I was remarkably calm. Oh well, I said, time to discover if the backup script actually works.

I am using mysqlhotcopy to back my databases up, and I’d never had to actually do a restore (I can’t believe I’m saying that - I hadn’t tested my backups - but then testing them isn’t that easy when you have no time and no spare server). Anyway, I had no idea how to turn the backup back into a working database.

The answer, in case you are wondering, is remarkably simple - copy it back into the right place. Wow - it’s almost like using a Mac (apologies to the hardened unix geeks out there, who must be wondering what kind of an idiot I am. The answer is, I am a very technical idiot who, due to a career spent programming macs and the occasional pc, has never had to deal with any of this shit before). I love that the Mac is based on unix now, I really do. I just wish unix would catch up sometimes…

Anyway, I copied the backup back into the right place, and as luck would have it, it seemed to work.

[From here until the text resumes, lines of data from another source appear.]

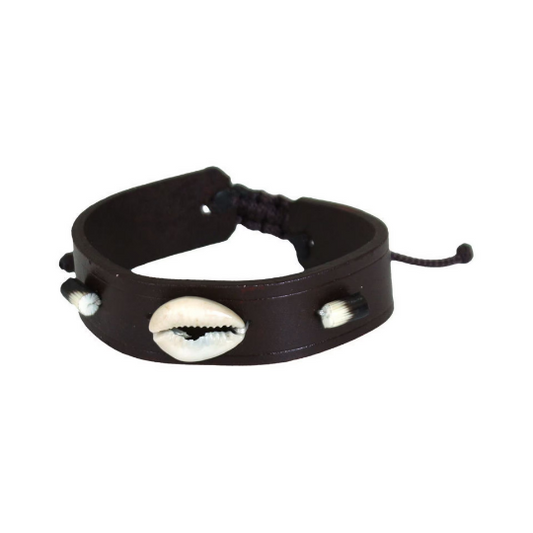 Pakara Cowry Shell Brown Leather Bracelet | West African Leather Bracelet | African Fertility Bracelet | Ethnic | Afrocentric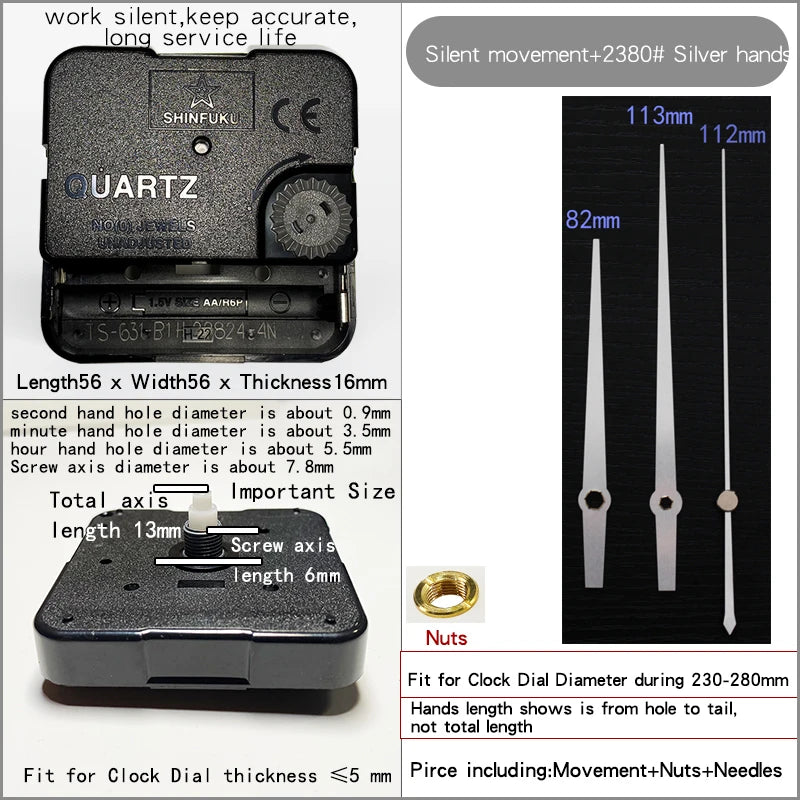 Clock Mechanism With Hands Silent Plastic DIY Accessory Kits Sweep Quartz Movement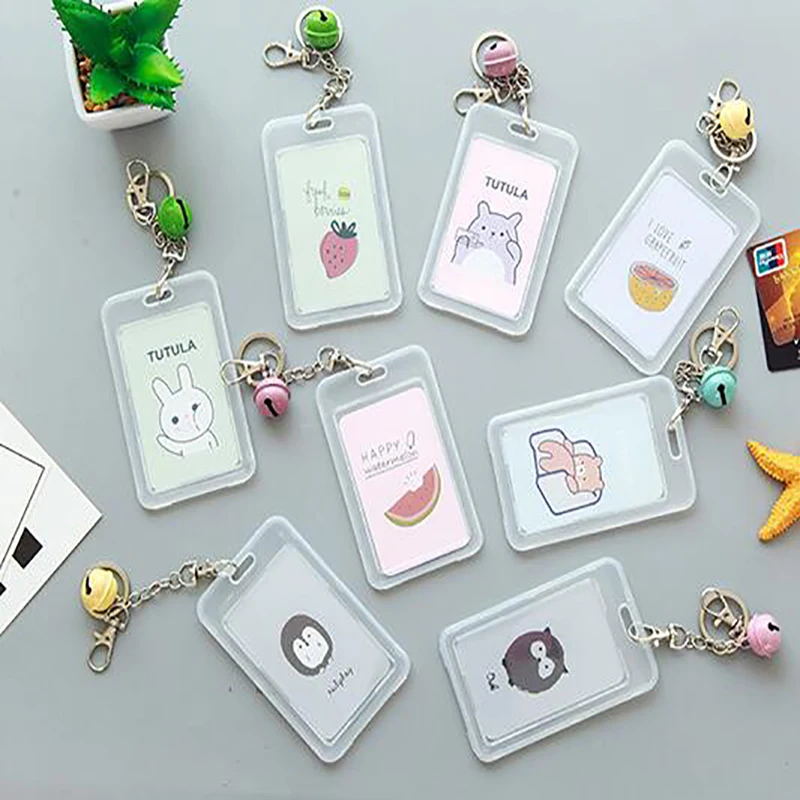 

Women Men Business Card Holder Cartoon Cute Retractable Credit Card Holders Bank ID Holders Badge Child Bus Card Cover Case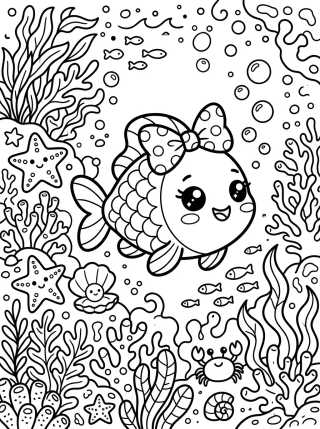 Peixinho de Laço no Mar para colorir Desenho de Peixinho de Laço no Mar para colorir e imprimir grátis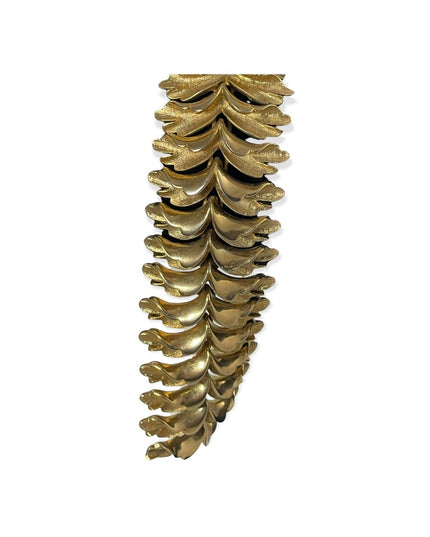 Vintage Gold feather chunky heavy Bracelet 1970s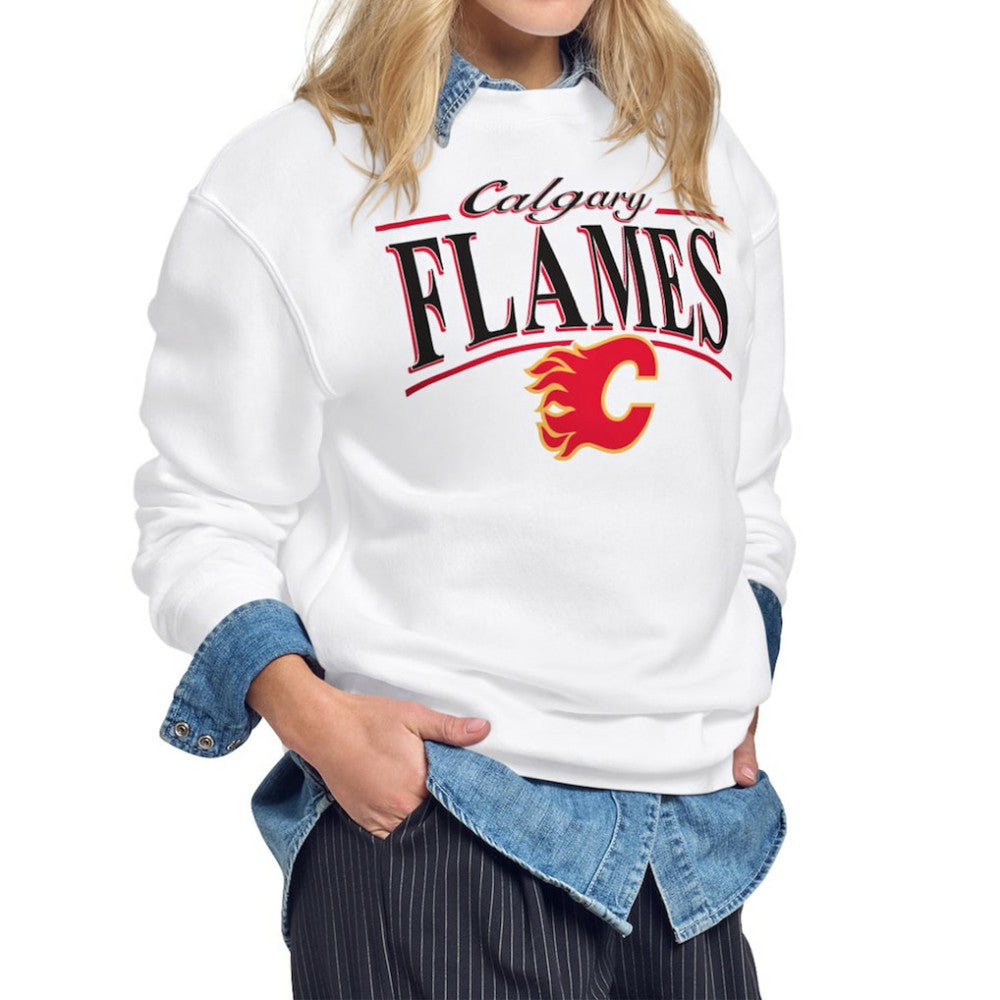 NHL Calgary Flames Starter Women's Arch Stripe Fleece Sweatshirt - White
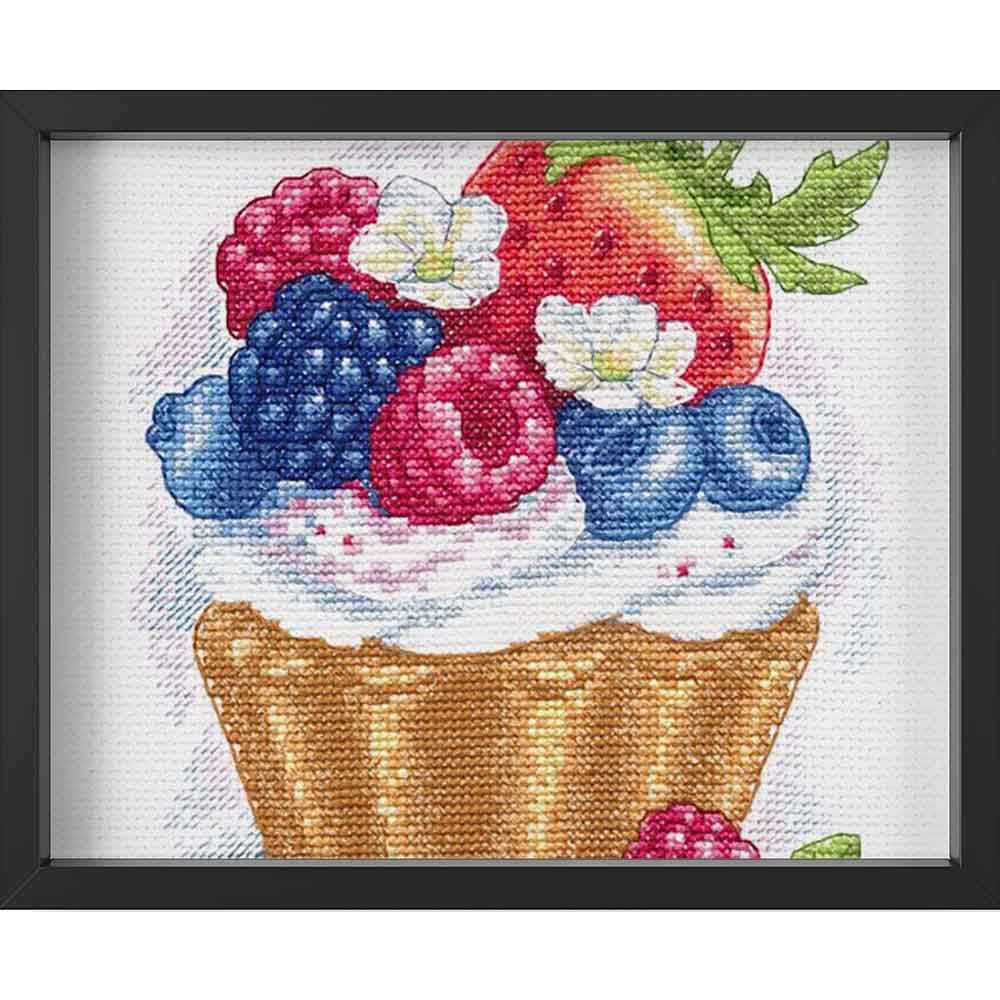 Kreuzstich - Beerendessert | 20x20 cm - Diy - Fadenkunst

Of course, I had to spend a while fixing up all the sql users and passwords and privileges and all of that malarky. I always forget my MySQL root password for some reason, which really doesn’t help. Lucky I wrote it down ;)

So, I had the databases back, and everything should be hunky dory. Hit reload in the web browser, and… Drupal was complaining that it didn’t have access. To be precise, it was saying “Client does not support authentication protocol requested by server; consider upgrading MySQL client”. Eh?

I rummaged around a bit, and started thinking, uh-oh, maybe Drupal 4.7 doesn’t work with MySQL 4.1. After a bit of searching, I got the vague impression that there were some problems, but there seemed no clear solutions.

Right, I figured. In for a penny… lets upgrade Drupal to the very latest 4.7 variant, that’ll fix it.

So I did, and it didn’t.

Oh so it, maybe Drupal 5.1 will fix it.

It didn’t.

Oh, I’ve found a note saying you have to go to 5.1 via 5.0. I’ll install that.

It didn’t help.

At this point I was wishing that I hadn’t started. However, a bit more googling finally gave me this: http://drupal.org/node/13977. Aha! Nothing to do with Drupal at all.

Turns out that the password format has somehow changed and you have to do a bit of mucking around to fix it. Ok, fine, I can do that. So try again, and thank something or other, it worked. The web site came back.

Whoohooo.

This is probably where I should have stopped… except that when I tried to log in to the site to blog all of this, I couldn’t. It just silently failed to log me in, and I ended up back on the log in page. What???

I had a vague notion that a similar passwordy sort of problem was perhaps occuring, this time with Drupal’s own user table, but I couldn’t get it to work and I didn’t know how to change Drupal’s own password entries with SQL. I had gone back to 4.7 by this time, but I still couldn’t log in.

I tried running the various Drupal update scripts for various different versions of Drupal, but no joy. In fact, they didn’t work because of various other permissions problems. Some of them turned out to be the fact that I hadn’t got the permissions for the database files right when I restored them.

Ah well, thought I. I’m in a right pickle now, but at least the site sort of works. What the hell, maybe MySQL 5.0 will fix it. You can tell I was feeling optimistic tonight.

So, another DMG install later, and no further on. Actually, things were worse. Drupal 4.7 wasn’t talking to the database again, at all.

Luckily it was around this point that I realised that the multiple MySQL installations were happily residing in different directories on my server, along with my original databases. This is exactly how I’d expected it to work in the first place, I’d just got a bit confused.

So, realising that I still had my original installs of MySQL, Drupal, and the original data files, I figured that I could probably just get things working as they originally were.

I did. It works.

Interesting evening that.

The only problem is, I still can’t get Django to talk to MySQL. Arse.